Regia di Christopher Nolan vedi scheda film
Lo sbobinamento a ritroso del film ti incastra fin dall’inizio, quando la foto polaroid anziché diventare nitida sfievolisce di colore sui titoli in sovra impressione fino a sbiancare e lasciarti nel dubbio atroce che la pellicola sia montata al contrario.
Ma è una certezza invece. Probabilmente l’unica.
C’è la storia del protagonista, che ha assistito alla morte della moglie per mano di uno sconosciuto, ed ha perso la memoria a breve, dopo una colluttazione col medesimo.
Cerca vendetta per tutto il film. Ostacolato da questo handicap che lo costringe a scrivere, fotografare, e addirittura tatuarsi sul corpo, ogni evento e persona che incontra.
Ma ogni volta si tratta di una storia a se.
Ad ogni ricaricamento di macchina da presa, cambia la prospettiva, variano i significati, la vicenda rivela o nasconde di nuovo.
Viaggiamo con Guy Pearce, che palesa un fantastico spaesamento, ed il suo narrare, i suoi ricordi che forse non sono ricordi ma solo frutto di un mescolamento del passato, con le persone che lo vogliono aiutare e quelle che lo vogliono usare, le memorie che vorrebbe siano reali, e quelle che vorrebbe solo - davvero - dimenticare.
Ed è un viaggio che somiglia ad un nastro di Moebius, senza inizio e senza fine, dalla doppia personalità, un loop disperato alla continua ricerca di un futuro minato da un passato che si brucia all’istante.
Nolan ci mette alla prova.
E siccome non gli pare abbastanza, raddoppia la storie: una a ritroso a colori, ed una dallo svolgimento lineare, in bianco e nero, raccontata dal protagonista, in un passato teorico ancora lucido e conscio.
E noi ci perdiamo volentieri. Sommiamo le visioni.
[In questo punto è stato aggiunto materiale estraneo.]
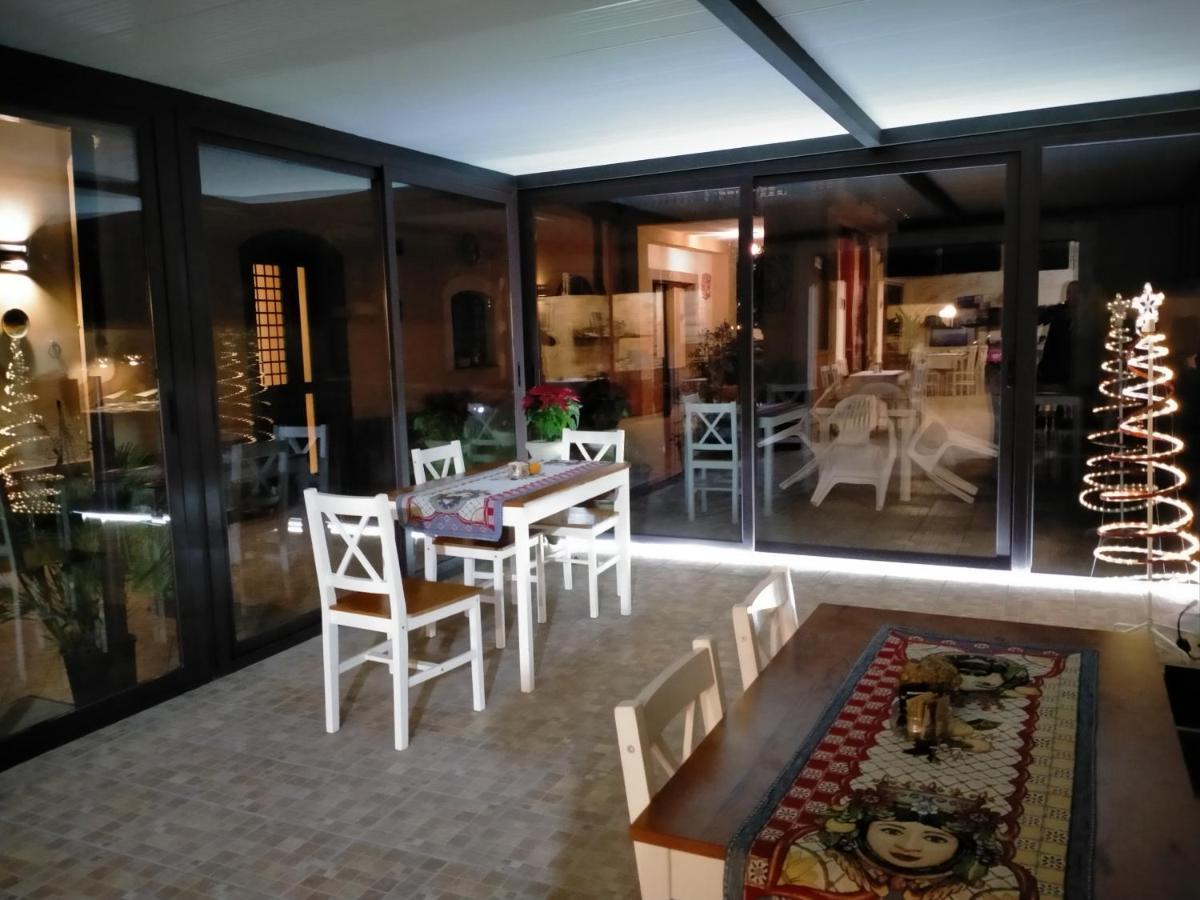 Villa Laura Apartment Giardini-Naxos Kültér fotó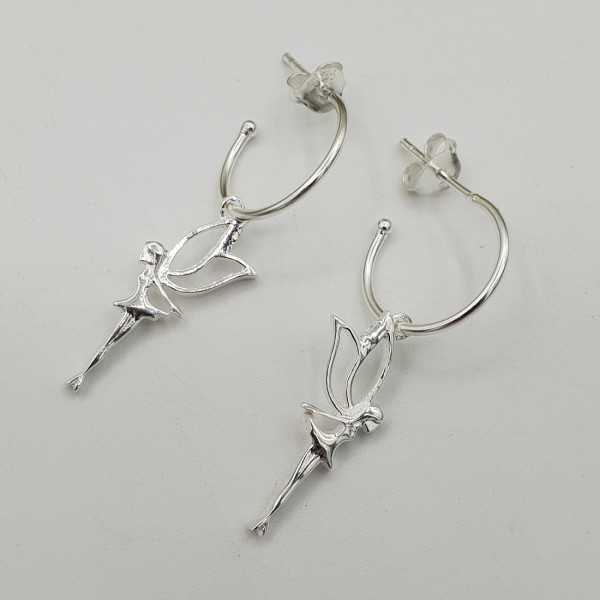 Zilveren oorbellen met elf hanger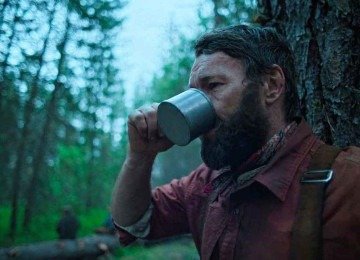 Joel Edgerton protagoniza 'Sonhos de trem', totalmente fotografado com luz natural pelo brasileiro Adolpho Veloso. Filme retrata drama de trabalhador nos EUA no in&iacute;cio do s&eacute;culo 20 -  (crédito: Netflix/divulga&ccedil;&atilde;o)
Meravigliamo, traiamo conclusioni e stiliamo ipotesi, modelliamo a nostra misura i personaggi di contorno, cerchiamo di svelare il passato che deve ancora riavvolgersi, anticipando un futuro disegnato ad inizio film, ma che non è la fine, tanto meno il principio.
E’ un divenire.
Il film inizia nel bel mezzo, e termina in quel medesimo bel mezzo.